United Kingdom legal case (1993)

 is a decision of the House of Lords relating to undue influence. The decision confirmed that a person did not need to suffer "manifest disadvantage" under a transaction in order to challenge it for actual undue influence (as opposed to "presumed" undue influence).

==Facts==

In 1986 Mr Pitt told Mrs Pitt that he would like to borrow some money on the security of the family home and to use the loan to buy shares on the stock market. Mrs Pitt was not happy about this suggestion and made her feelings known to her husband. As a result, he embarked on a course of conduct putting pressure on Mrs Pitt which the trial judge held amounted to actual undue influence. In consequence, Mrs Pitt eventually agreed to the suggestion. The Pitts had originally purchased the house in 1970; they still lived in it, with their two adult daughters. In 1986 the property was valued at £270,000, the only encumbrance on it being a mortgage in favour of a building society for the modest sum of £16,700.
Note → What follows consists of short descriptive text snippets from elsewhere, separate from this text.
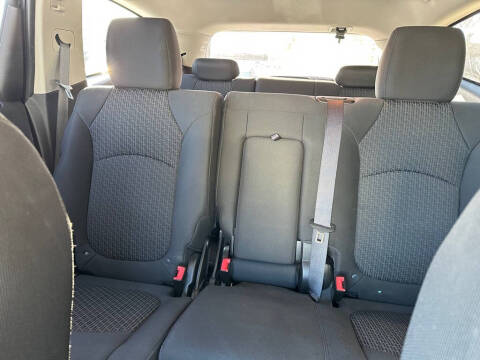 2012 Chevrolet Traverse LT
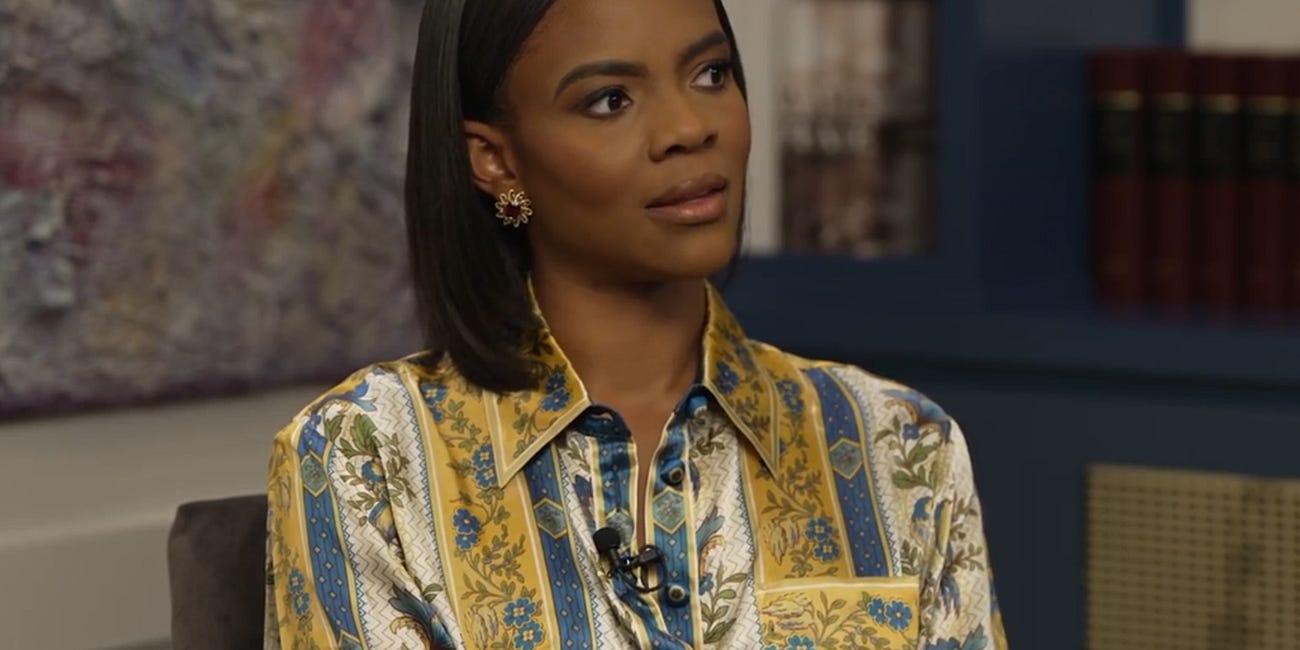 Candace Owens: "Our Behavior Is Being Socially Engineered From Hollywood"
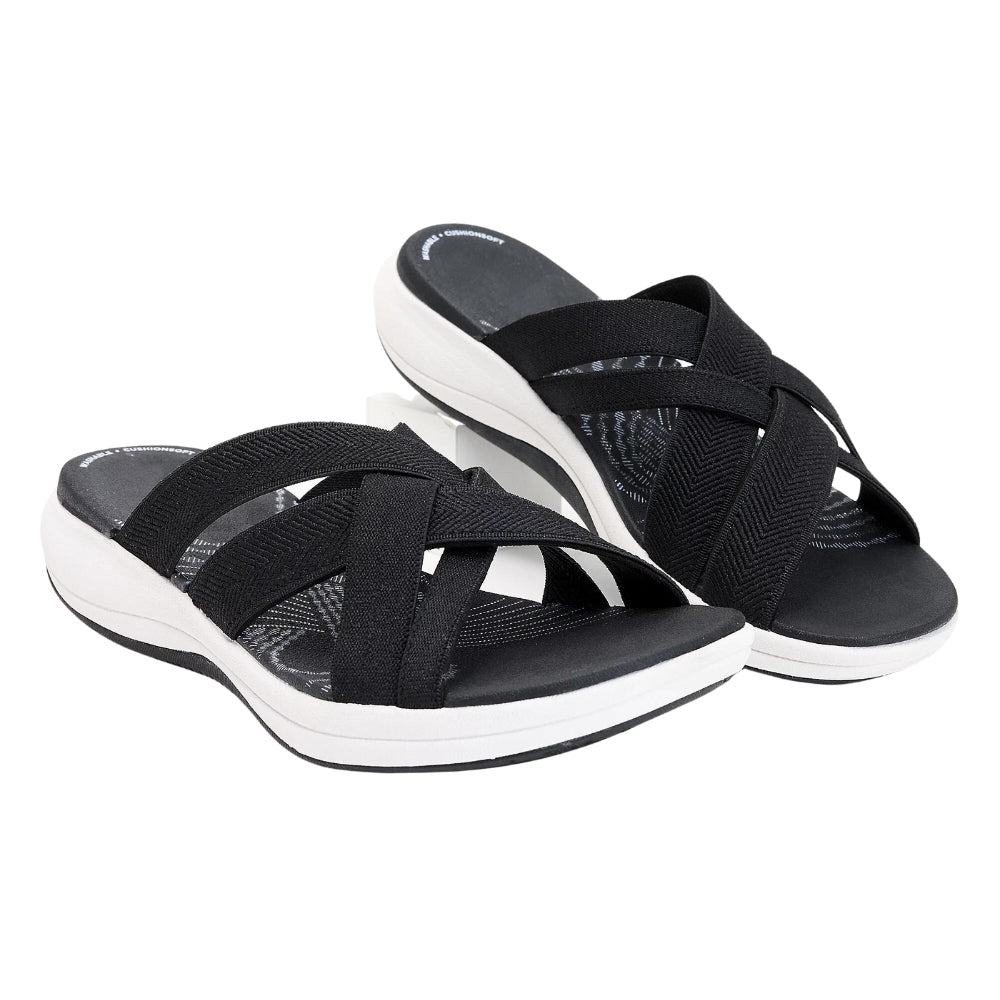 Velvet | Orthopaedic Comfort Sandals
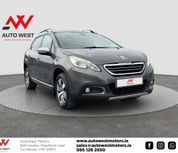 Peugeot 2008 2015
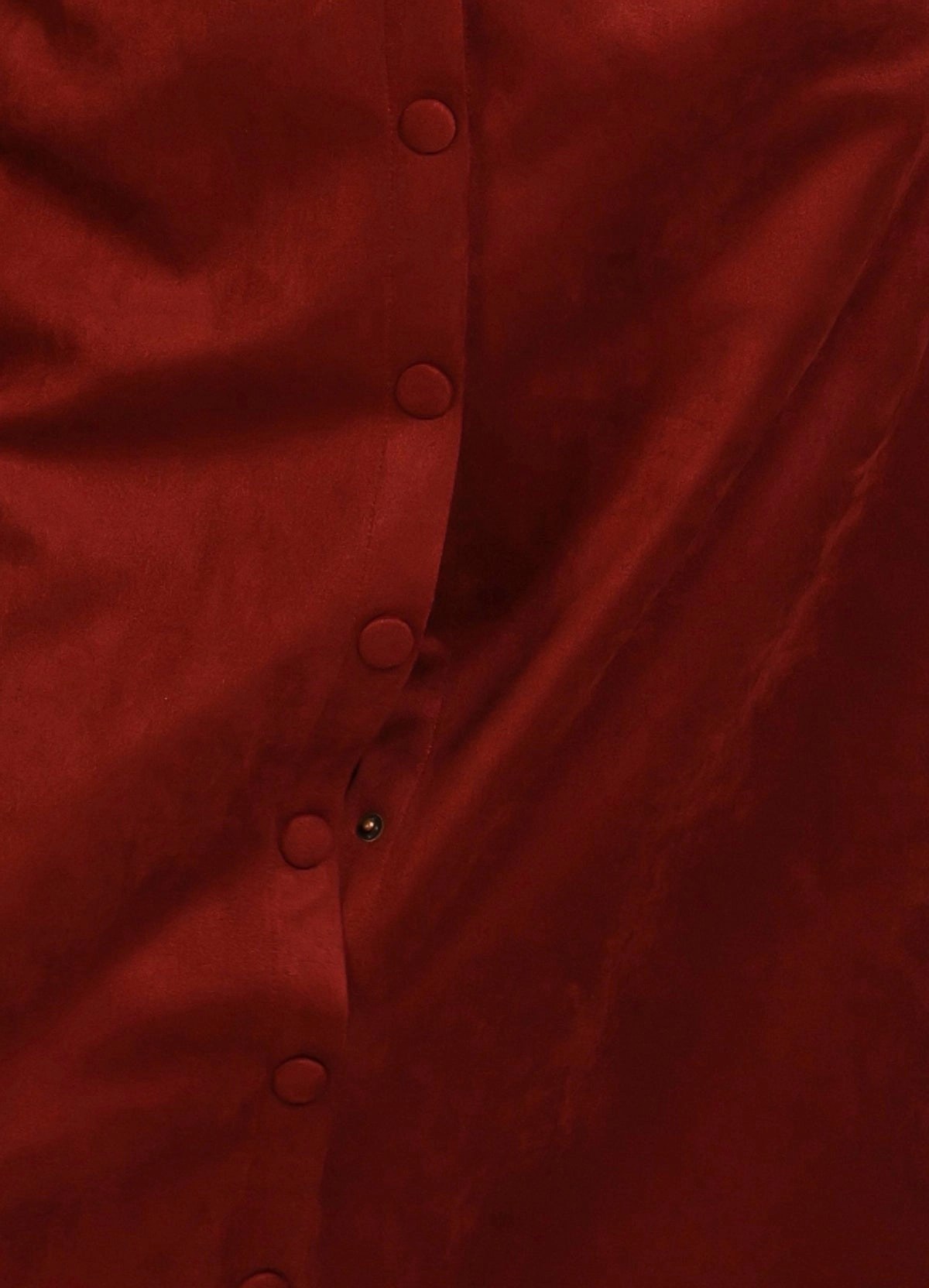 Little Lies Ali Skirt in Wine Travel Influence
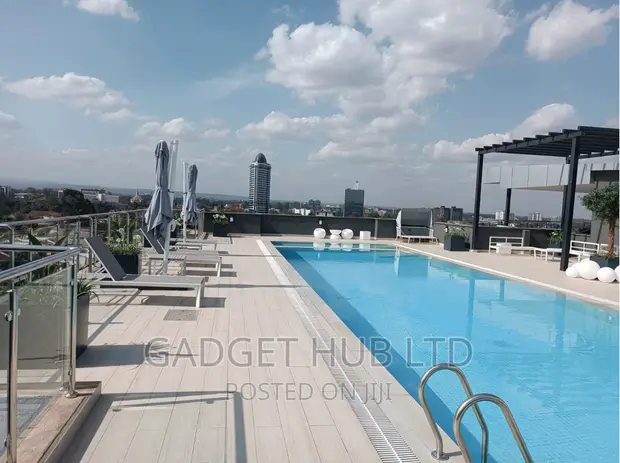 Furnished 1bdrm Apartment in Riverside, Kileleshwa for rent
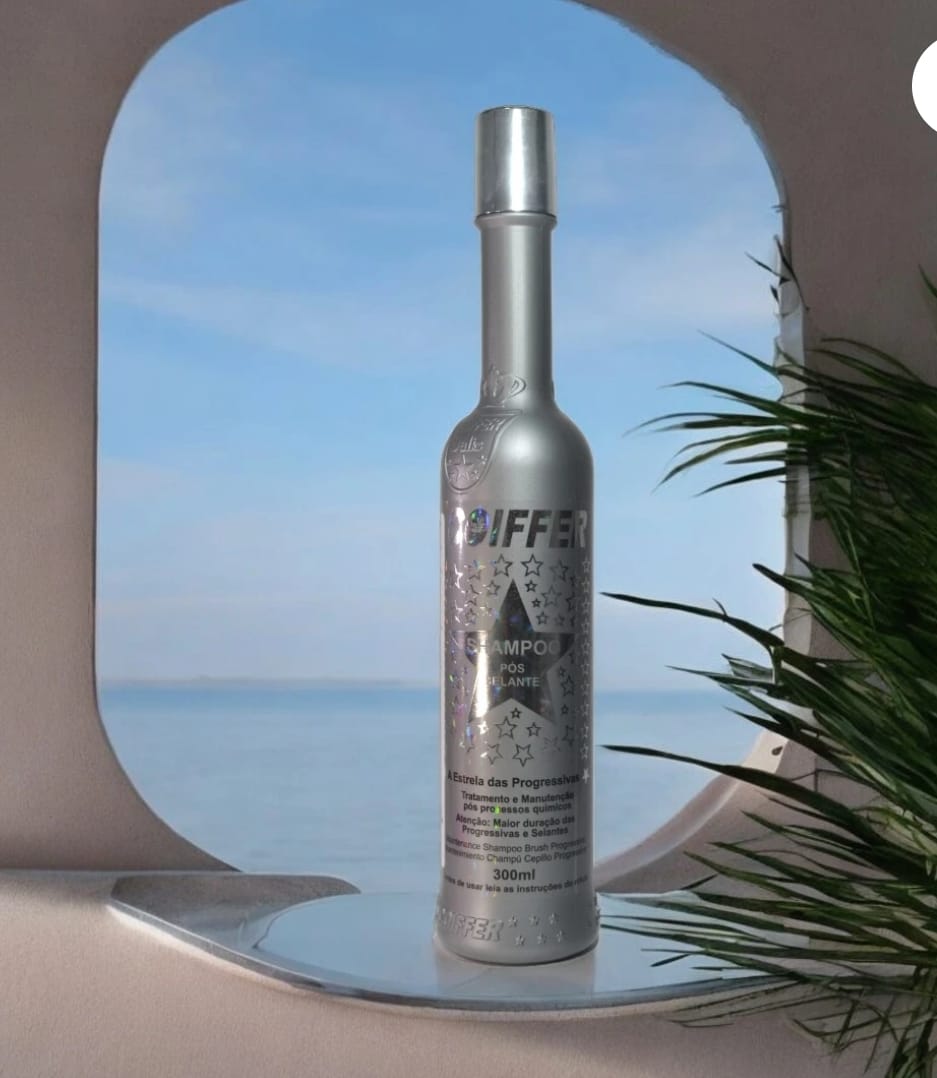 Coiffer CHAMPU SELLANTE 300ML — Unidad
Mr Pitt made an application for a loan with CIBC Mortgages plc which was signed by both Mr and Mrs Pitt. The application form named both Mr and Mrs Pitt as the applicants for a loan of £150,000 for a period of 20 years, the purpose of the loan being expressed to be "proposed purchase of holiday home". The transaction was said to be a remortgage, the intention being to pay off the existing mortgage. Immediately above the space for the applicants' signatures, the printed form contained a declaration, amongst other things, that the information given in the application was true to the best of the applicants' knowledge and belief. Mrs Pitt did not read any of the pages of the application which had been filled in by somebody else although she did see the first and last pages.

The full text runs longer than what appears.